Thanks to everyone who sent me this...
A NUMBER of news stories this spring have shown us that the criminal sentencing system is out of line - both in Massachusetts and in the nation as a whole. The United States has not just the highest rate of incarceration in the world, but also one-fourth of all of the prisoners in the world.
What has led us to this? And what is it about our priorities that has us spending more on incarceration than higher education?
In Massachusetts, we have over 25,000 inmates serving time in county jails or state prisons. Governor Deval Patrick's proposed 2009 budget seeks $1.4 billion for the sheriffs' departments and the Department of Correction. This money is primarily for incarceration. The same budget proposes $963 million for higher education.

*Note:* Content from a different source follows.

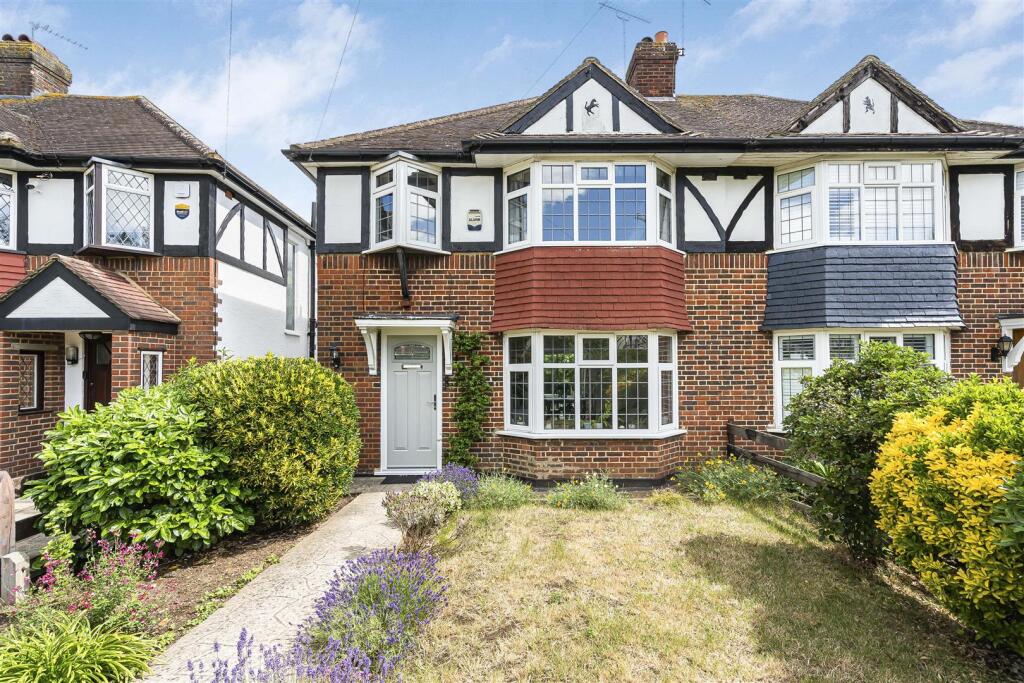 3 bed Semi Detached for rent in Kingston upon Thames. From Gibson Lane - Kingston Upon Thames - Sales & Lettings 3 bed Semi Detached for rent in Kingston upon Thames. From Gibson Lane - Kingston Upon Thames - Sales & Lettings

The prisons and jails are seriously overcrowded, not just with convicts but also with hundreds of additional pre-trial detainees who either cannot make bail or are being held without bail pending their trials. A federal lawsuit has forced one county sheriff, in Worcester, to choose which inmates will be released before their sentences are completed. Some detainees are left in local lock-ups because of space shortages.
Incarceration rates increased dramatically when the "War on Drugs" was launched in the 1980s. In Massachusetts and elsewhere, strict mandatory minimum sentences were enacted for drug dealing. One of those sentences, for selling any type or quantity of drug within 1,000 feet of a school, annually sends more than 300 people to jail for a mandatory minimum of two years.